You're absolutely right about "Red State whites", but I would go further--white suburban boys are underrepresented as well. Most schools use grades, not ability, as the criteria for getting into AP classes, and that's not a strength of suburban white boys.

3/18/10, 6:22 PM

Anonymous Anonymous said...

I took AP Calculus in the 80's and had a 75 average which was a D. Also, the grade was not weighted. At some schools a 75 would be a C and then they would get the added point for a B.

3/18/10, 8:27 PM

Anonymous Commodore said...

Just picking a nit, smart slack-offs aren't college material? I'm working on my PhD in Physics (specializing in Optics) now and I haven't found that to be the case. I'll willingly conceed that the AP kids are better human beings than me for working hard, but I'm not sure that makes them better "bets" for a college.

3/19/10, 7:45 AM

Anonymous none of the above said...

I suspect the big win here is saving wasted time/energy (smart kids will spend a lot of time in high school bored) and dodging the weed-out classes taught by grad students.

3/19/10, 5:58 PM

Anonymous Anonymous said...

"Just picking a nit, smart slack-offs aren't college material?"

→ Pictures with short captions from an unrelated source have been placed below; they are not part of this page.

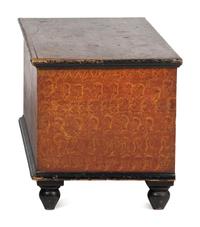 A Late Federal Country Red and Yellow Sponge-Decorated Blanket Chest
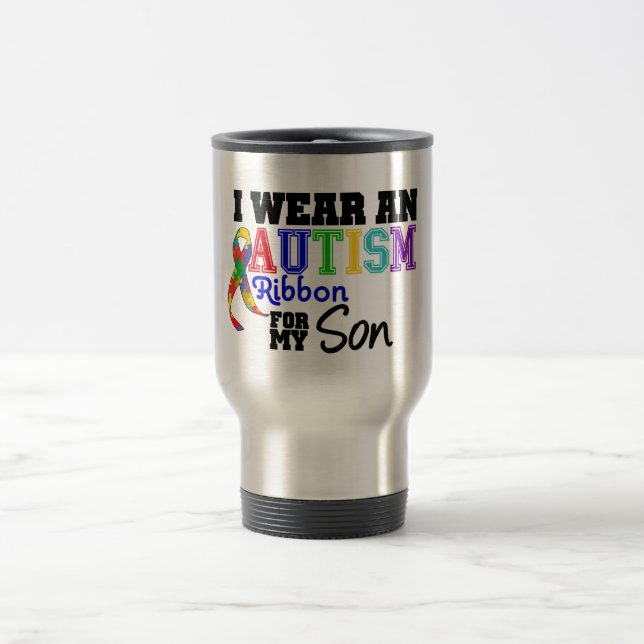 Mug De Voyage Je porte le ruban d'autisme pour mon fils (Centre)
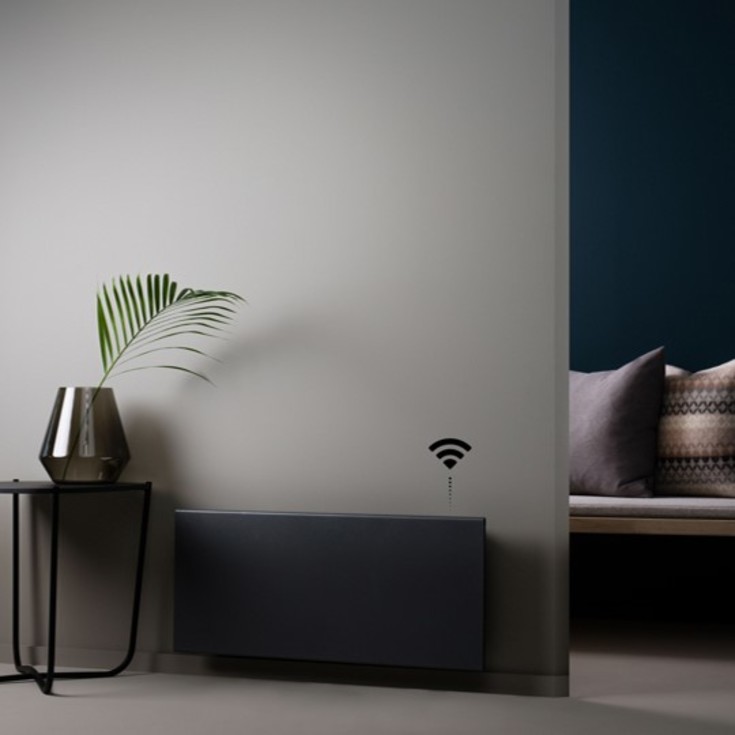 Adax Neo L panelovn med termostat og WiFi 600W/230V, sort, 8 m²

Are smart slack-offs born or made?

I never studied much in high school, got a mixed bag of grades but always pulled it out at the end with a solid A on finals. I usually had the highest grade in the class on the final, often stunning the teacher.

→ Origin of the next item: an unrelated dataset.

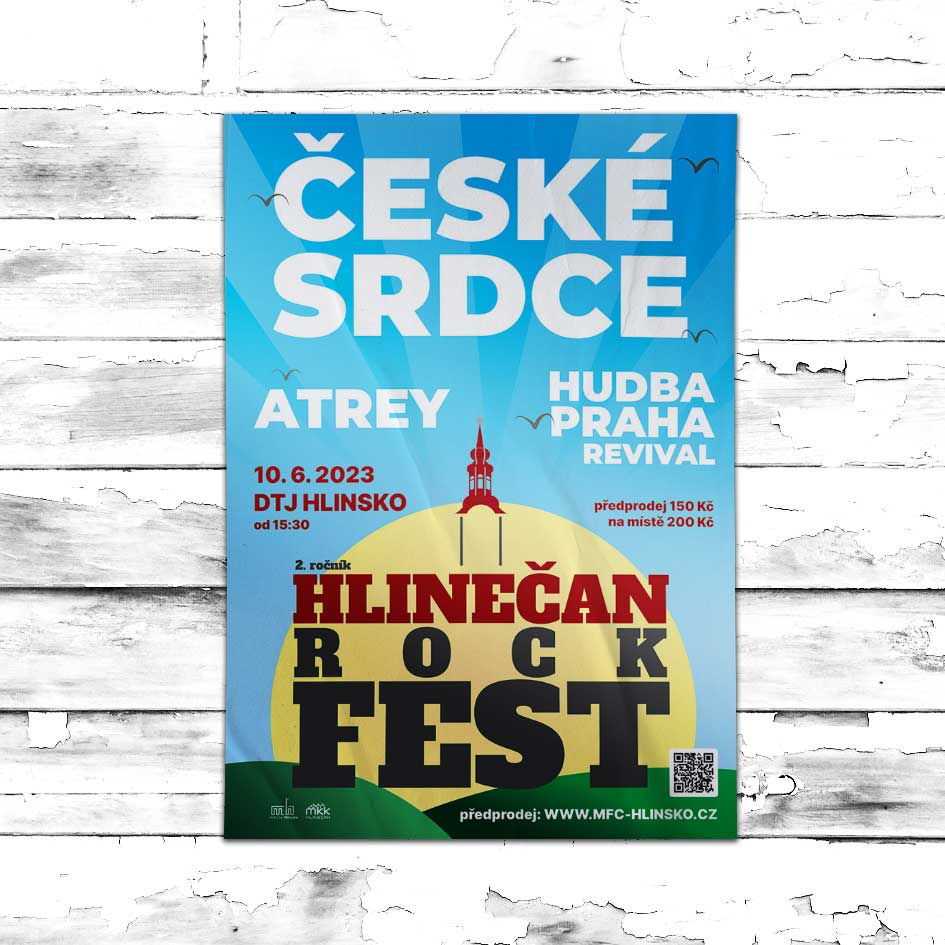 Návrh plakátu - Hlinečan rock Fest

If grades were more public, I think my hardcore competitive nature/ego would have prompted me to do better on completing homework/classwork rather than have crappy grades posted for all to see. Since no one could see those grades I was only competing against myself and the material, so the final exam grade was enough to satisfy my ego.

I got a grad degree, so I made it through two college programs, despite some slacker tendencies. Ego and my curious nature beat out my slacker side.

3/20/10, 1:23 AM

Blogger James Kabala said...

Cal: This is probably too late for you or anyone to read this, but the problem with your plan is that AP tests are graded over the summer and the grades are not announced until the fall, while(especially for seniors) most schools would want the final grade for the class registered in the spring.

3/23/10, 8:33 AM

Anonymous Anonymous said...

I went to a fancy Northern prep school, and I never heard of AP courses (till I was a grownup) but took three AP tests.

3/25/10, 8:07 AM

Anonymous beowulf said...

Late hit I know, but this may be useful to any archeologist who stumbles over the remains of this thread...

There are a handful of accredited colleges that allow you to test out (with AP, CLEP or a school's own exams) of all college classes and earn a bachelors.

A sailor on active duty with the Navy put up a website describing how he picked up an associates and a bachelors in less than year by testing out of classes. It was pretty much free for him since the Pentagon pays the exam costs for servicemen but even for civilians its dirt cheap.
http://www.123collegedegree.com/aboutus.html

For most employers, military service plus a BA from anywhere is more desirable than a BA alone from all but the most elite schools. That's triple true for anyone who wants a government job.